Example Notebooks

RAIL comes with several notebooks that demonstrate how to use it to analyze data in a number of different ways.

Here we describe the various notebooks and suggest other ways in which you might study the data.

Starting out, overview notebooks

We recommend starting with the Goldenspike notebook, which demonstrates a relatively simple end-to-end analysis. This analysis starts off by making a model that can be used to generate synthetic catalogs of photometric data. It then uses that model to create sets of synthetic data to train and test per-object redshift estimators, i.e., estimators that compute p(z). From there it trains and tests a few estimators using some common algorithms. It then evaluates the performance of those estimators. Finally, it shows a few methods that converts p(z) for a set of objects to an ensemble distribution n(z).

The estimation notebook focuses more on the estimation parts of the analysis, and demonstrates a few additional estimation algorithms.

The evaluation of the estimator performance is described in more depth in its own notebook.

Finally, we have collected demonstrations of useful utilites to explore which packages and algorithms are available in the current RAIL installation.

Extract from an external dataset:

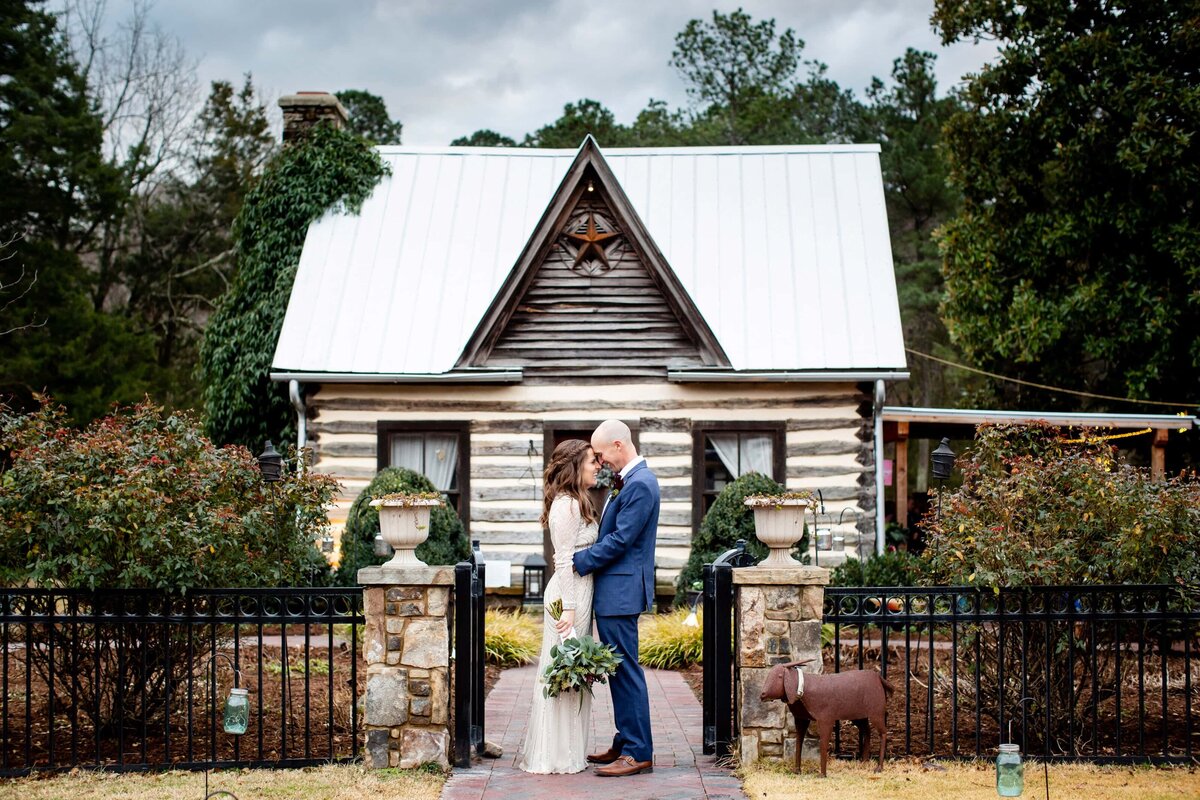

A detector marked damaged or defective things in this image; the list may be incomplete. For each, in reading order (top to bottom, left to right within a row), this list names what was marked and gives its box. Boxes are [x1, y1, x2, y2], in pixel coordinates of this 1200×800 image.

rusty metal pig statue [758, 657, 892, 777]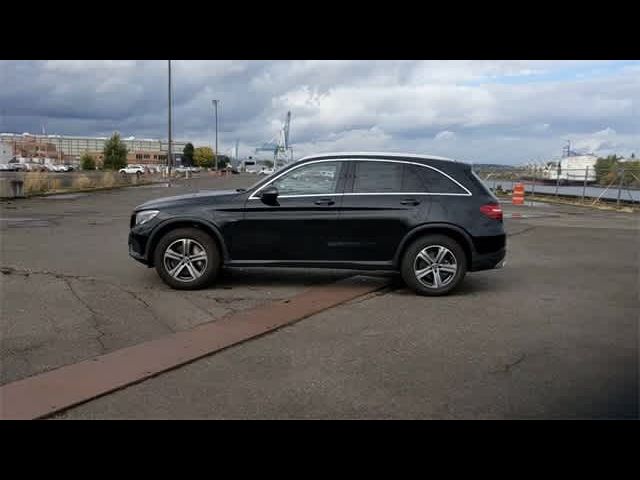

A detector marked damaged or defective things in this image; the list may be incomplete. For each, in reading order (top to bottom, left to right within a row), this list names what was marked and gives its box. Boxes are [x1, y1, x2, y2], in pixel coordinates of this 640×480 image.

rusty metal strip on ground [0, 274, 390, 420]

Deeper dives into synthetic data creation

The notebooks in this directory demonstrate how how to generate synthetic photometric data, and also how to “degrade” the synthetic data by applying various effects to the data.

These notebooks demonstrate utilities that can be used to prepare data for analysis, e.g., by converting fluxes to magnitudes and applying dereddening and by converting fluxes to hyperbolic magnitudes

Examples of using specific estimators

These three notebooks demonstrate specific p(z) estimators in more detail, specifically, the CMNN, GPz and NZDIR algorithms.

These two notebooks demonstrate self-organizing map (SOM) based algorithms that estimate the ensemble n(z) distribution: the first works with the SOM directly, while the second clusters the SOM cells to reduce statistical fluctuations.

Finally, this notebook demonstrates converting collections of per-object p(z) estimates to ensemble n(z) estimates.

Deeper explanations of rail concepts

The two notebooks demonstrate how to convert a notebook into a ceci analysis pipeline and how to run an existing pipeline

This notebook explains the concept of the Data Store that keeps track of the data being used in an analysis pipeline, and which can be used to interactively access data.

Finally, this notebook demonstrates the mechanisms we use to iterate over tabular data, which is needed to avoid reading entire object catalogs into memory.